PROBLEM TO WORK ON -> Find "1FM5K8D84HGB00342 Ford EXPLORER XLT" and "Compteur de vitesse" in the records below. Copy the lines holding them and every line between, exactly, and no others.

LISTED ENTRIES ->

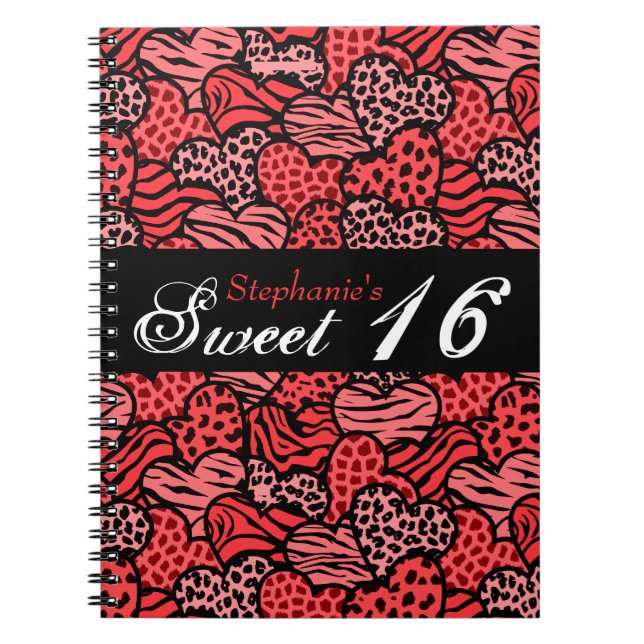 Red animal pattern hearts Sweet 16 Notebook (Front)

==

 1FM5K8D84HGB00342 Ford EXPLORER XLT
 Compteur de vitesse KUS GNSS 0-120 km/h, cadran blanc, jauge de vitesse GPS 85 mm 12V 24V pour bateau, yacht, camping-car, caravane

==

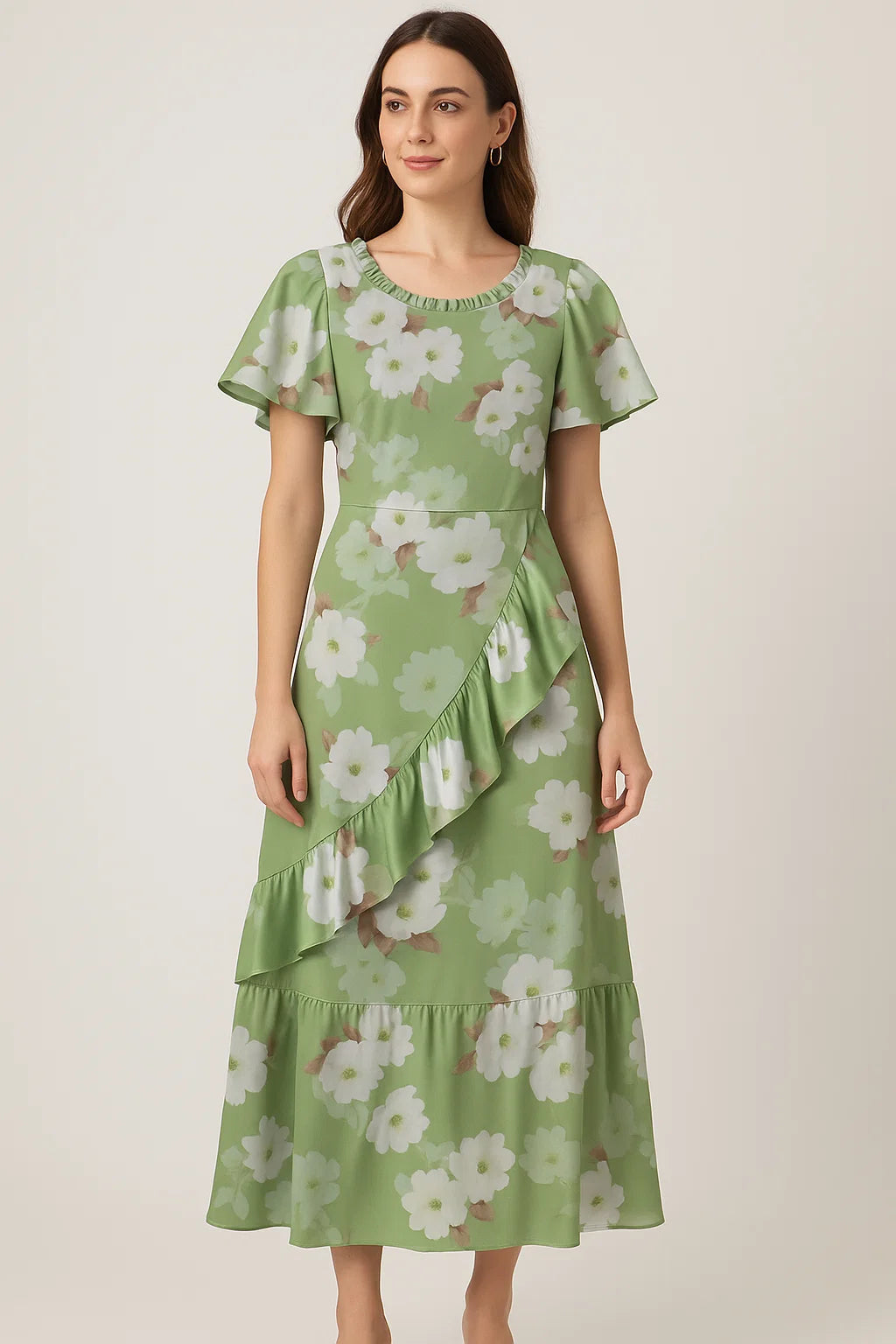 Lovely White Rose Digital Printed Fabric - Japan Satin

ANSWER FOR THE TASK ->
 1FM5K8D84HGB00342 Ford EXPLORER XLT
 Compteur de vitesse KUS GNSS 0-120 km/h, cadran blanc, jauge de vitesse GPS 85 mm 12V 24V pour bateau, yacht, camping-car, caravane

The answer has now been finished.